Well, thanks HN, you were good while it lasted...
suyash 4 days ago
Very interesting project, would love to read a more technical write up on how the model was architected and trained, any pointers?
[-]
- kcorbitt 4 days ago
  I link to it from the post, but all the code is open source! You can find the specific training script here: https://github.com/OpenPipe/best-hn/blob/main/stories_train_...
  And all the graphs for the blog are from this notebook: https://github.com/OpenPipe/best-hn/blob/main/blog-figures.i...

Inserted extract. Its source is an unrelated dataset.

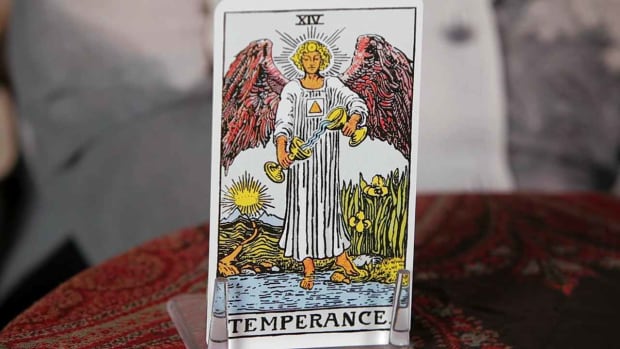 ZE. How to Read the Temperance Tarot Card Promo Image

  Lots of other good stuff in that repo, although it's only organized to a "working researcher" standard I'm afraid.
octocop 4 days ago
Even the AI's don't read the content before up/down voting.
floobertoober 4 days ago
Maybe it would help to use a box cox transform on the score distribution?
chx 4 days ago
> . That’s not much time for a model that (hopefully) understands all of HN!
this is dangerous talk.
it doesn't understand anything at all.
Reminder: We are more prone to anthromorphizing LLMs than to humanizing suffering humans.
ivanovm 3 days ago
this is very cool, have you tried DPO?
ChrisArchitect 4 days ago
First problem with the submissions that supposedly 'would do well on HN' is other than the Ask HN: they're misusing the submission by putting it in a text post instead of sharing as a link post directly. And sketchy new/inactive accounts. C'mon. Not gonna keep reading grifty post after that opening.